Candide yang tadi disebut bermakna naif, lugu, dan jujur. Mau zaman kapan pun, kenaifan dan keluguan selalu dipandang sebelah mata oleh pihak sok lebih tahu.

Buku tadi tak lagi dinotis. Sudah tertangkap basah begini, bagaimana mau pura-pura lagi?

"Rindu ibumu, Nak?"

Semua intonasi melembut yang keluar lewat bibir tiran selalu mengundang curiga.

"Menurut Ayah?" Jawab Seijuurou setelah ragu sejenak. Diam-diam membayangkan, jika Ronove atau Dokter Grisha memergoki mereka, pasti sudah kejang-kejang terharu.

Masaomi menatapnya.

Seijuurou risih.

"Jangan memandangiku. Melanin anakmu tidak enak diliha—"
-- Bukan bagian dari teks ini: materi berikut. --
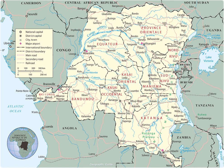To the north by the Central African Republic, to the northeast by South Sudan, to the east by Uganda, Rwanda and Burundi, and by Tanzania across Lake Tanganyika. To the south and southeast by Zambia, to the southwest by Angola, and to the west by the South Atlantic Ocean and the Cabinda Province exclave of Angola.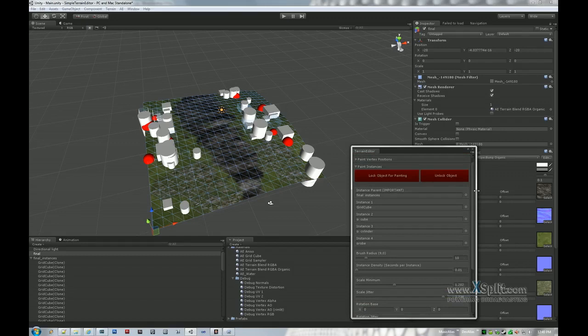And there's no, it doesn't follow slope. So if you're painting something on the terrain, it's not going to follow the surface normal. If you want to add a property for that, let me know I can add that. And that should be it.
Ranum persik saling menempel.

"Mph—!"

Akashi senior menjambak rambut belakang Seijuurou. Otot beserta gigi memagut bibir yang lebih mungil, berikut gigitan-gigitan kecil.

Erang tidak nyaman lolos lewat celah lumatan maut. Dapat serangan mendadak, spontan menggeliat.

Pada akhirnya, kelopak mata tetap turun, kedua butir delima bersembunyi. Rona mawar merambat malu-malu menjalari hamparan kanvas gading bening.

Sampai dagu basah oleh liur, barulah sang ayah mencabut keluar lidah.

"Kau brengsek, Ayah ...," gerutu Seijuurou. Punggung tangan mengusap bibir.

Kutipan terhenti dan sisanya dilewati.